Le raisonnement des archivistes ou des bibliothécaires qui créent des objets numériques n’est pas évident ou transparent pour les utilisateurs qui accèdent aux objets. Lors de la sélection d’enregistrements, de fonds ou de collections pour la préservation numérique, les professionnels doivent tenir compte de nombreux facteurs qui favorisent l’entretien et l’accès à l’objet numérique résultant. (Association for Library Collections & Technical Services, 2007) Il est important que ces professionnels réfléchissent à la manière dont les futurs utilisateurs recevront intellectuellement ce qui a été sélectionné.
Cette étude a un triple objectif :
recueillir auprès d’archivistes et de bibliothécaires qui ont participé à des projets de numérisation des informations sur la façon dont ils ont fait des jugements de sélection ;
identifier des thèmes communs dans leurs expériences qui pourraient, en quelque sorte, recevoir un genre de reconnaissance formelle ;
analyser les éléments de la subjectivité afin de compléter les orientations existantes sur les choix que font les archivistes et les bibliothécaires dans les projets de numérisation.
Avec cette étude, nous espérons ainsi identifier l’espace d’innovation dans le processus de numérisation afin de rendre la subjectivité plus transparente.
Cet article aborde les lignes directrices, le profil des responsabilités professionnelles et l’impact de la subjectivité comme ces sujets sont traités dans la littérature courante.
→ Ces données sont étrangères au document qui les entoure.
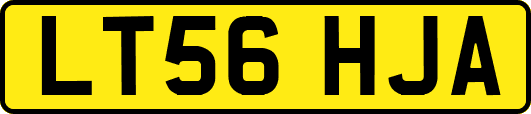 LT56HJA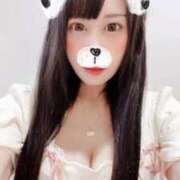 ヒメ日記 2025/04/03 11:03 投稿 しろな 熟女の風俗最終章 池袋店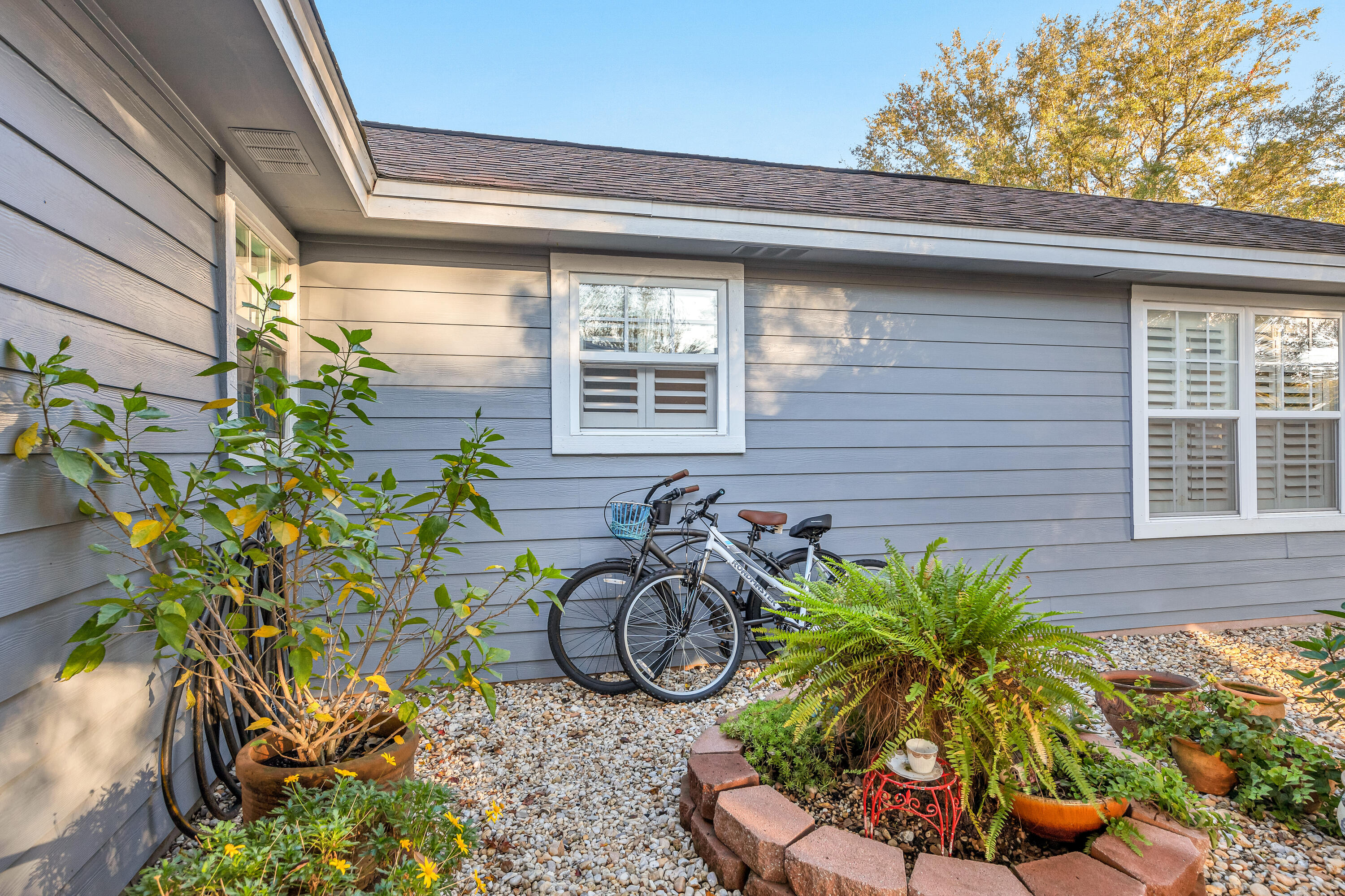 WYNNEHAVEN BCH EST 1ST ADD - Residential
Il explique la méthodologie et les résultats de l’étude et discute des questions pertinentes. Les résultats de cette étude nous suggèrent quelques recommandations sur la subjectivité et sur la recherche approfondie de ce sujet.
1. REVUE DE LA LITTÉRATURE
1.1. Lignes directrices actuelles
La numérisation est le processus consistant à « transformer l’information analogique (de toute forme et sur quelque support que ce soit) en code numérique » (Conseil canadien des archives, 2002). Dans la numérisation, l’étendue du processus de sélection passe du choix des documents à numériser, à leur évaluation et ensuite à la hiérarchisation des documents choisis. Des projets de conversion numérique gérés de cette façon sont décrits dans le manuel du Centre de conservation des documents du Nord-Est (NEDCC) des États-Unis (Sitts, 2000). Quelques critères du processus de sélection de la NEDCC sont : l’évaluation de l’entretien continu des documents à la lumière de la mission de l’établissement et à la portée de sa collection ; les exigences légales ; la valeur en termes d’authenticité, d’effort, d’audience, etc. ; et des préoccupations physiques et techniques.
D’autres guides et documents sur les meilleures pratiques traitent de la même façon le processus de sélection. À titre d’exemple, les lignes directrices du Royaume-Uni sur les archives parlementaires (United Kingdom. Parliamentary Archives, 2008), les lignes directrices sur la conservation numérique élaborées pour la Commission européenne (Fresko et Tombs, 1998) et le guide du Réseau canadien d’information sur le patrimoine concernant la planification et la mise en oeuvre de projets de numérisation (Réseau canadien d’information sur le patrimoine, 2000) détaillent les pratiques de sélection pour la numérisation. Les facteurs de sélection de ces guides ont tendance à être objectifs plutôt que subjectifs. C’est-à-dire que les guides ont tendance à se concentrer sur des facteurs liés aux aspects matériaux des objets. Ils identifient les facteurs relatifs aux phénomènes, qui sont indépendants des perspectives personnelles et des attitudes (c’est-à-dire la subjectivité) des professionnels qui font la sélection.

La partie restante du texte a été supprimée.